When it comes to the attitude variable, you’ll get a positive response only if the previous variables are also good. A boring system might be hard to use. At the same time, the less capable a system is, the less it will appeal to its target users. The U and E variables (usefulness and ease of use) are directly proportional to the attitude variable. The behavioral intention variable (BI) comes next. It usually stems from what a user thinks about a system’s usefulness, but it can sometimes activate even if the user has no particular attitude toward an application.
You could say that BI is like the trial phase. It doesn’t guarantee system adoption. A user must have a positive experience before confirming acceptance and actually using the system.
Coming up With the Model
At this point, you should understand the various variables that determine a system’s acceptance among a pool of users. Perhaps more important is applying the model to your particular situation.
It would not be surprising to find several software applications in use across your company that deliver data. Integrating these applications across the board is a good way to benefit from insights derived from that data, but most data is compiled by systems that can’t communicate with each other.
Ideally, all your teams will log into a single system such as an ERP (enterprise resource planner), but this is not always possible. So instead, you can consider tools such as Slack that can communicate with file storage applications, code versioning platforms, and more. However, you have to ensure acceptance of the other tools to have seamless data visibility. So you might want to ask the following questions before bringing forward new technology for this mission:
- What is the new technology’s impact on overall work performance?
- Will it make work easier for everyone (the majority at least)?
- How easy is it to start using the product at full capacity?
- How long is the onboarding process?
- Is this the most cost-effective way to get things done?
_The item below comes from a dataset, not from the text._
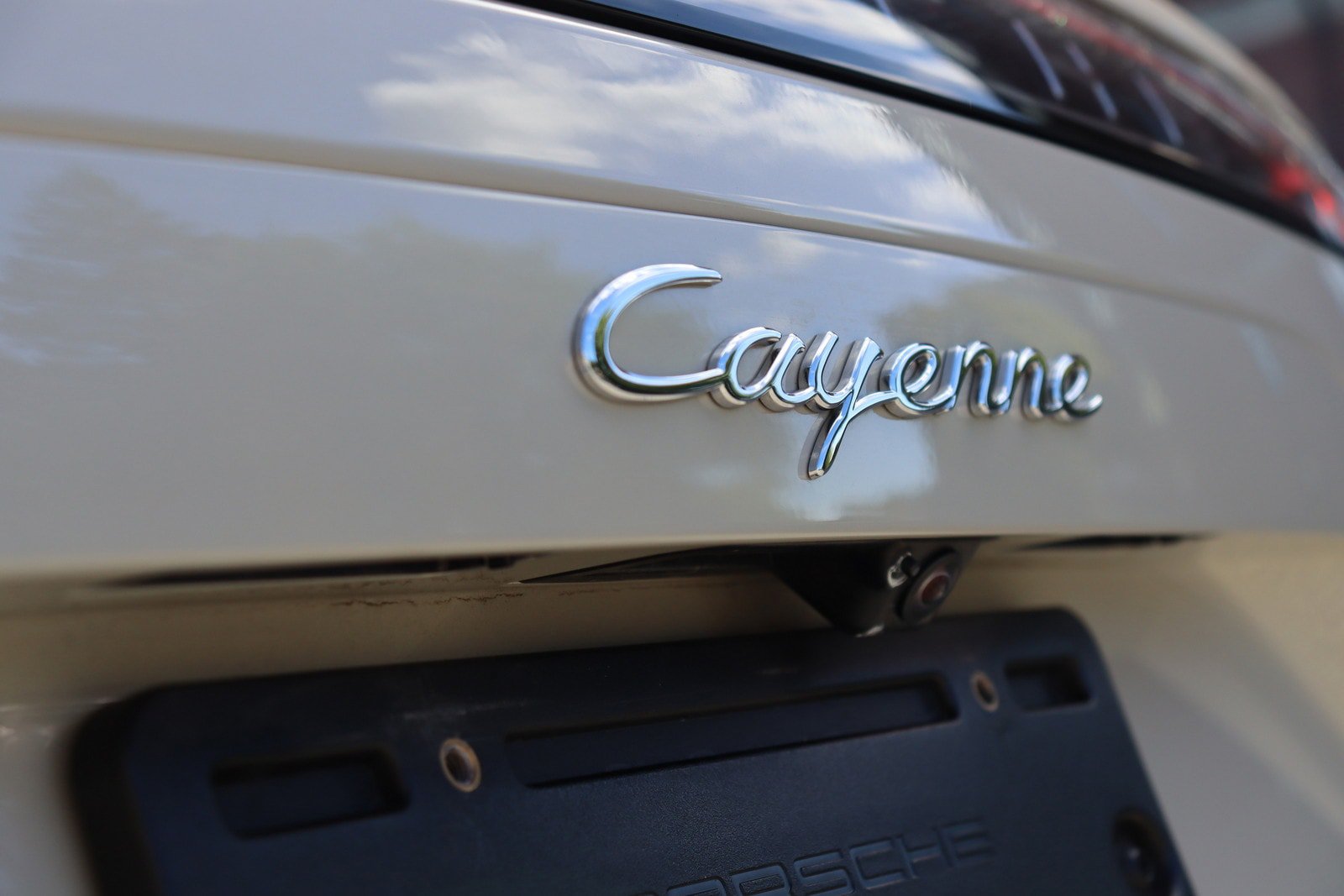 Used 2023 Porsche Cayenne AWD/4WD image 32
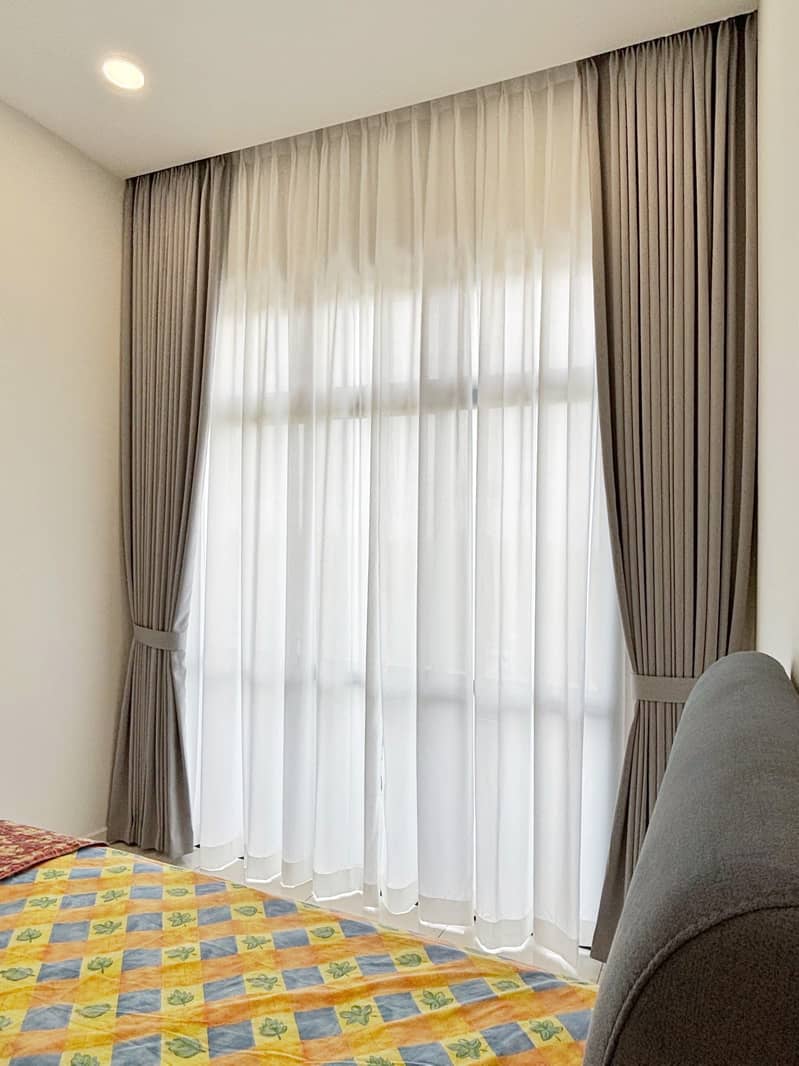 Stylish curtain / Luxury curtain /Modern curtain /Customised curtain 3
At a glance you should see that these questions consider all the above-mentioned variables to varying degrees: usefulness, effectiveness, implied attitude, and even the managerial deciding factor of cost. All of these ultimately determine acceptability in the modern workplace. This is the firm foundation upon which to build a synergy of universally accepted technology for your business.
Technology Acceptance Model in Daily Use
Let’s say your company develops software. And let’s assume you have applied the technology acceptance model to procure technologies along your product value stream. It is still possible that your various teams use different applications. If so, you’ll have to log in to each application to stay at par with notifications and milestones across the floor. You’ll spend a great deal of your time doing just this. Given how you are better off innovating than simply monitoring, it could be counterproductive. This is where a value stream management platform like Plutora comes in handy.
With a value stream management platform, you can regain control regardless of the different technologies accepted in each department. Essentially, you can cut the time to value for every effort you invest in your product. For a practical example, consider a restaurant owner. The value stream starts when they buy fresh ingredients in the morning. It ends when the customer sits with a plate on the table. This process can be perfected by monitoring each step and ensuring they complement each other from start to finish.
Regardless of the software you choose to use, properly managing your value stream is the best way to achieve total acceptance across the board. The process starts with asking the right questions to keep your teams engaged. However, this process is not the end. The technology acceptance model sets the pace for what is a more manageable scenario in the workplace. The better chemistry you achieve between your teams and their tools, the easier it will be to eventually attain customer delight.